Nasional

Spider Rice Field Cancar, Wisata Sekalian Belajar Hukum Masyarakat Adat

Oleh : Rikard Djegadut - Minggu, 27/03/2022 20:25 WIB

Risno Pakur (Advokat dan penyuluh Anti Korupsi)

Oleh Risno Pakur (Advokat dan penyuluh Anti Korupsi)

Jakarta, INDONEWS.ID - Spider rice field alias sawah laba-laba. Terdengar aneh, bukan? Tapi sawah laba-laba itu benar-benar ada, loh. Ya, lokasinya berada di daerah Cancar, Manggarai, Nusa Tenggara Timur (NTT). Jaraknya sekitar 2,5 kilometer dari Pasar Cancar. Namun jangan salah tafsir, ya! Sawah itu bukan untuk budi daya laba-laba. Hanya areanya saja yang desainnya mirip sarang laba-laba.

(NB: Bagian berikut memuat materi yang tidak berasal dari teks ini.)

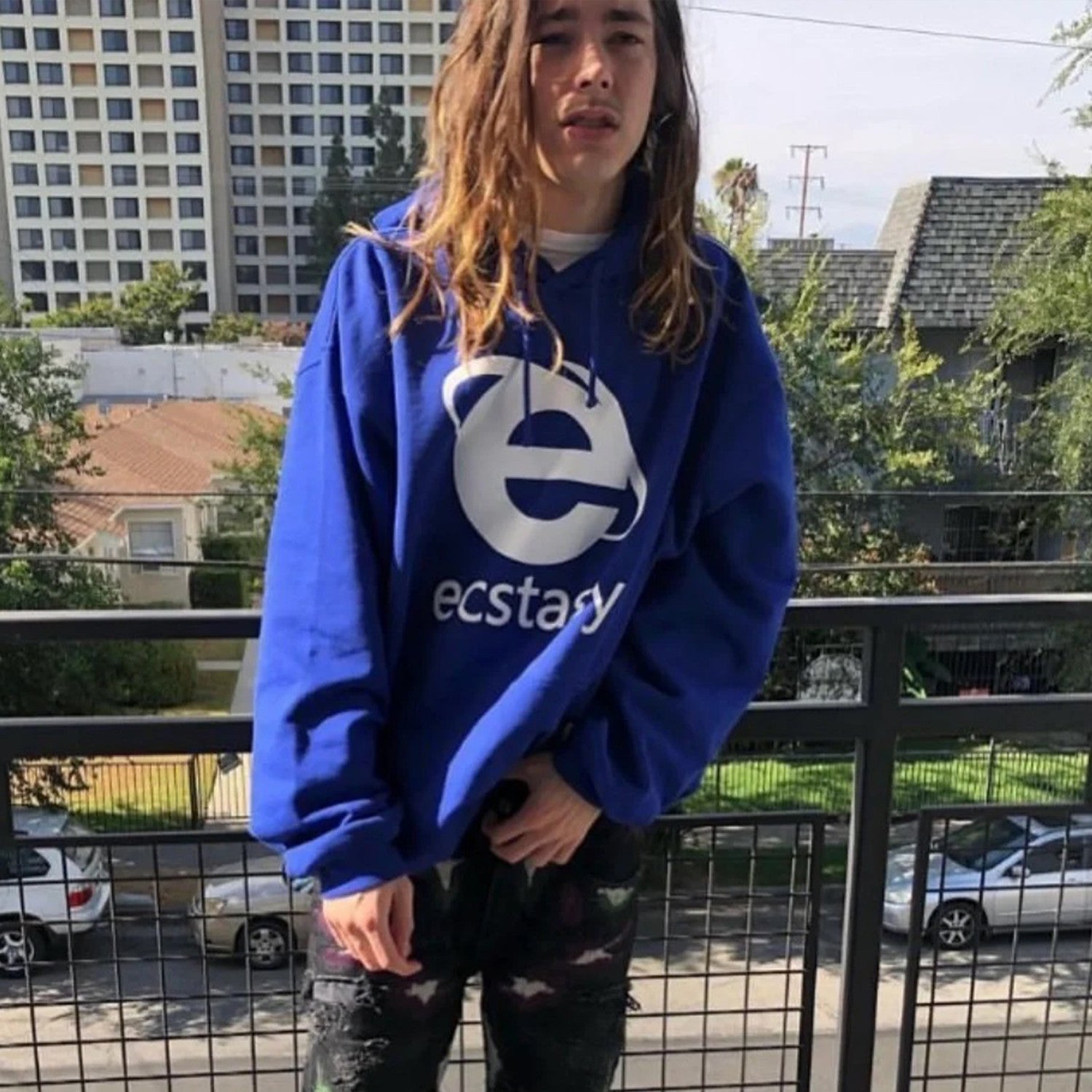 Vetements Men's Spring And Autumn Esctasy Browser Sweatshirt Fashion Letter Printed Loose Zipper Long Sleeve Hoodie #71574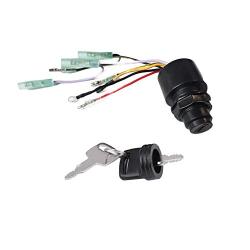Boat Ignition Key Switch Assembly,87-17009A5 Ignition Starter Switch for Mercury Outboard Remote Control Box Motor 3 Position Off-Run-Start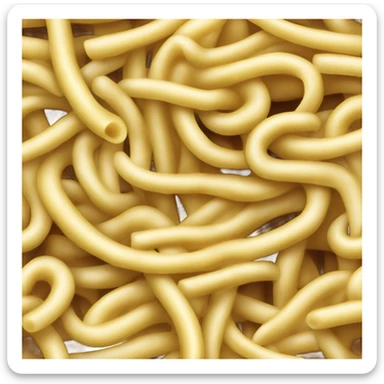 one macaroni noodle sticker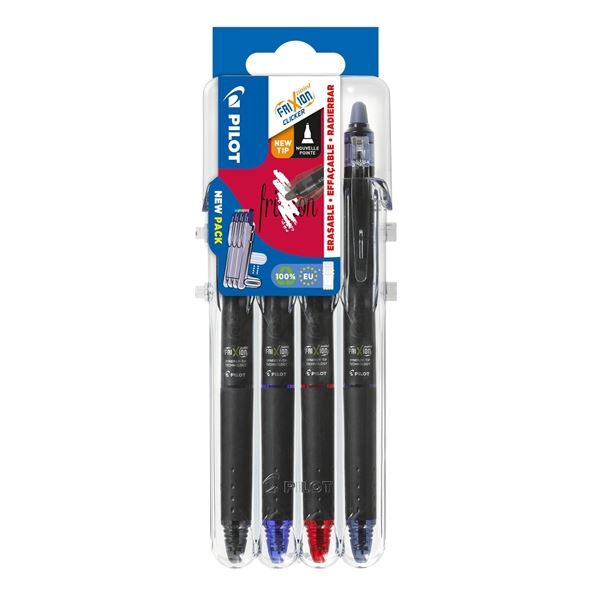 Gel-Rolle Pilot FX Point Clicker, Satz mit 4 Farben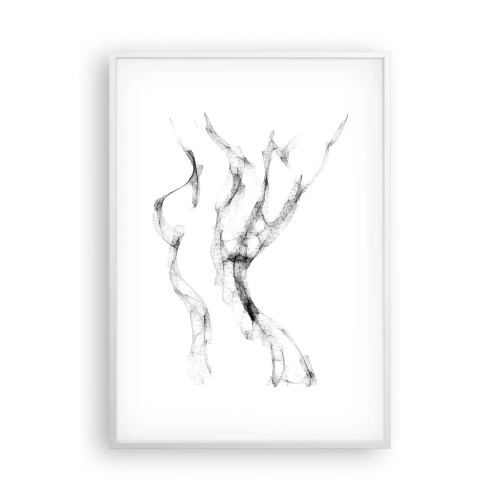 Poszter fekete keretben - Gyönyörű és erős - 70x100 cm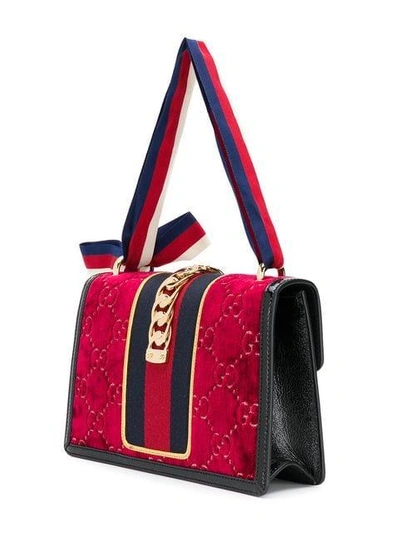 Shop Gucci Kleine 'sylvie Gg' Schultertasche In Red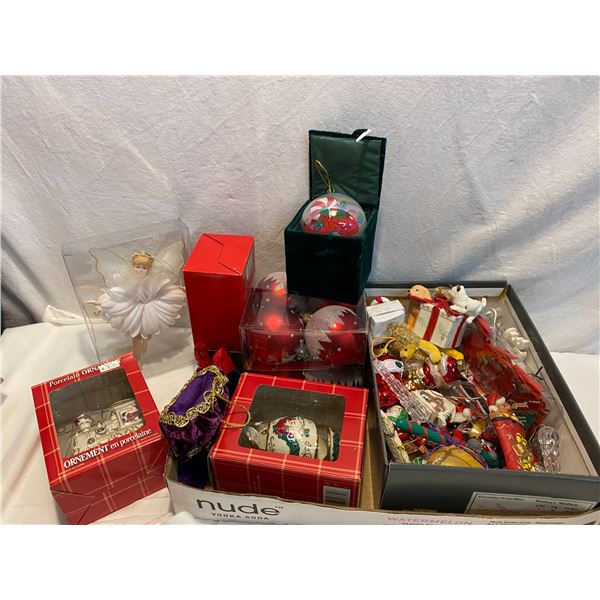 Lot of Christmas ornaments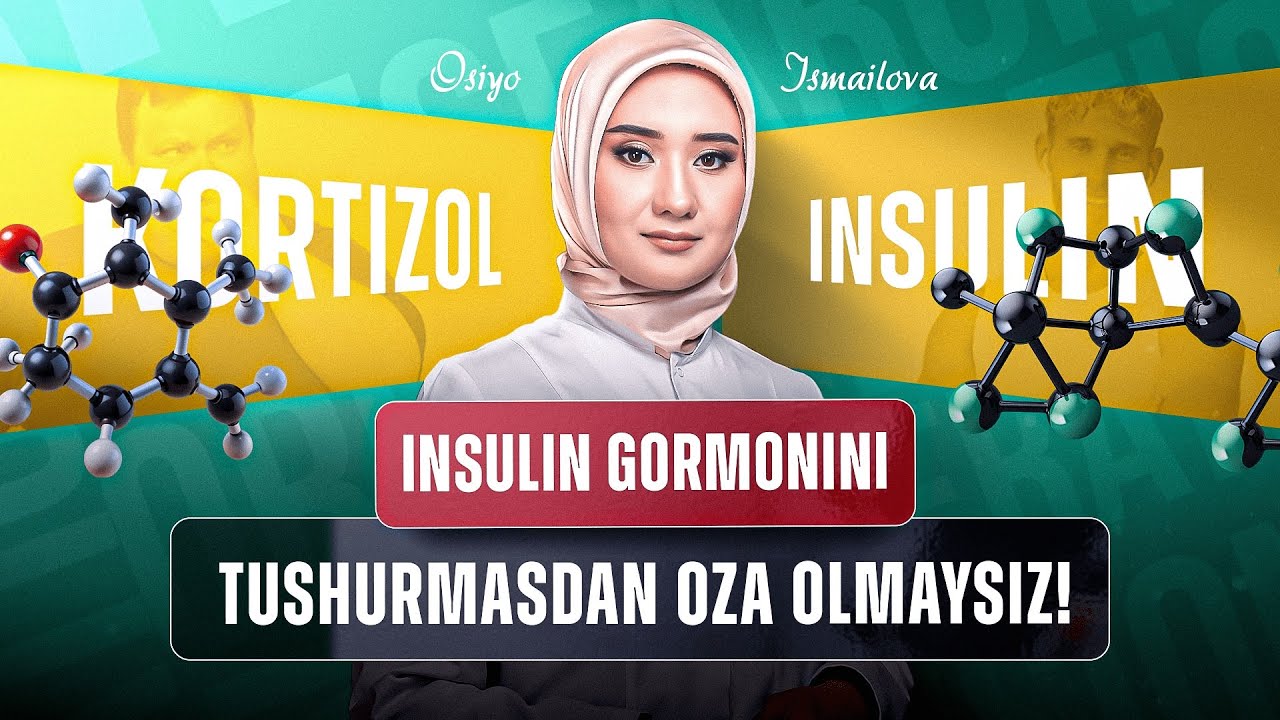 Insulin gormonini tushurmasdan oza olmaysiz! Osiyo Ismailova
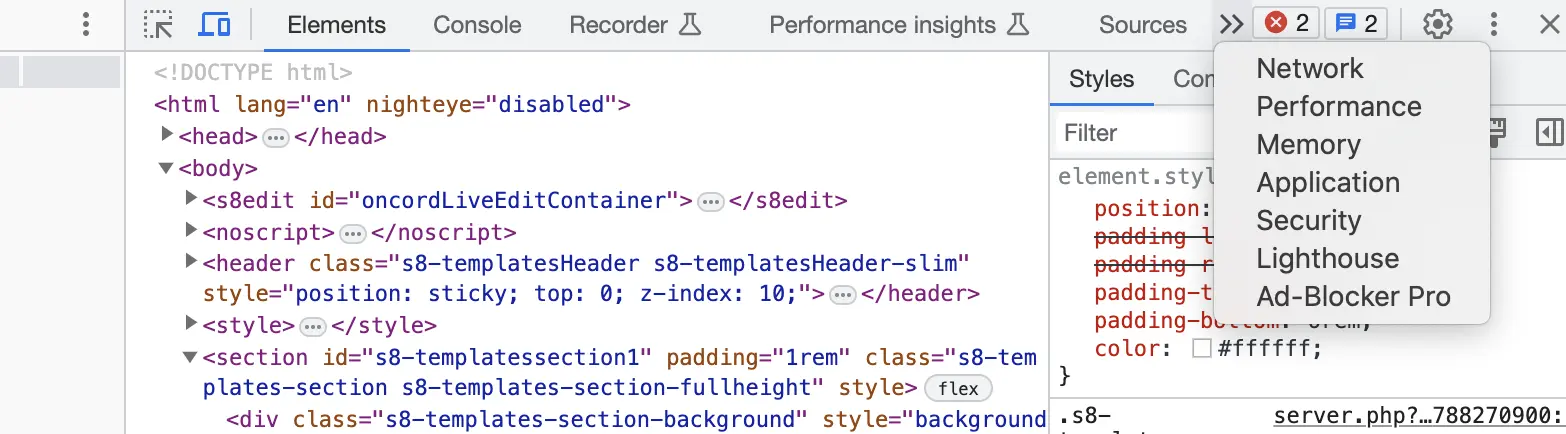 chrome lighthouse tools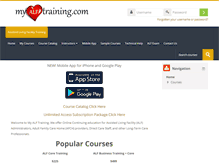 Tablet Screenshot of myalftraining.com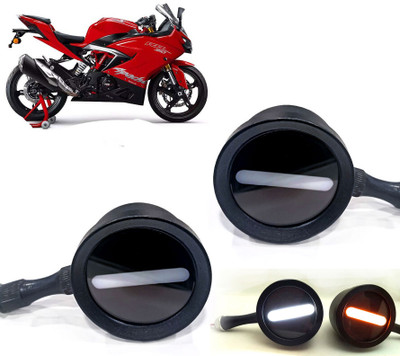 AUTO PEARL Front LED Indicator Light for Suzuki Apache(White, Yellow)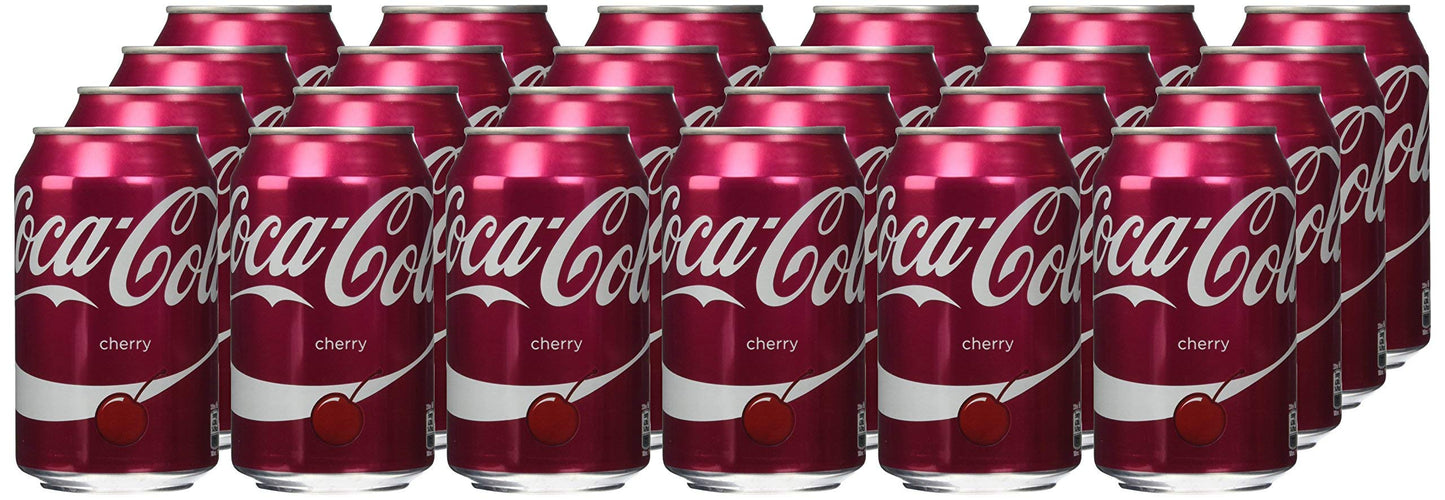 Coca Cola Cherry gusto ciliegia 330ml (24 lattine)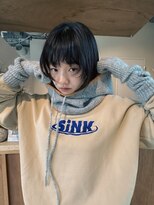 エルム 原宿 表参道(yelm)&nbsp;★くびレイヤーエモージュイメチェンハッシュカットフルバング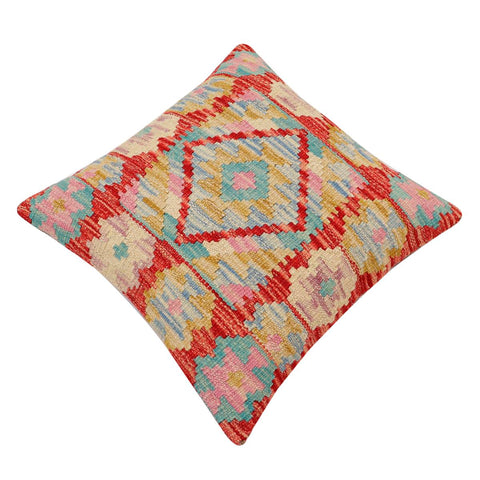 handmade Traditional Pillow Red Beige Hand-Woven SQUARE 100% WOOL Hand woven turkish pillow2 x 2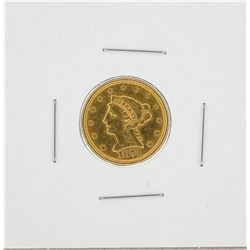 1873 $2 1/2 Liberty Head Quarter Eagle Gold Coin Open 3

Sawah laba-laba di Flores itu memang unik. Sependek pengetahuan saya, tak banyak area persawahan dengan desain semacam itu. Kalau pun ada, modelnya bukan sarang laba-laba. Tapi crop circle seperti di daerah Sleman, Yogyakarta. Sawah berbentuk potongan lingkaran itu sempat ramai diperbincangkan gara-gara dianggap bikinan mahluk luar angkasa.

Kembali ke sawah laba-laba tadi. Belum lama ini, saya mengunjungi sawah itu. Lewat tulisan ini, saya akan mengajak kalian untuk tur ke sawah yang berada di tengah-tengah kawasan perbukitan tersebut. Pemandangannya benar-benar aduhai. Jangan ngiler, ya? He-he-he.

For your information, ya, guys, untuk menikmati lanskap sawah laba-laba itu butuh perjuangan keras, loh. Buat kalian yang kelebihan berat badan, pikir dua kali, deh. Soalnya, kalian harus naik ke atas bukit dengan cara berjalan kaki alias trekking. Treknya memang lumayan menukik. Tapi, itu worth it dengan pemandangan yang disajikan. Nggak bakal nyesel.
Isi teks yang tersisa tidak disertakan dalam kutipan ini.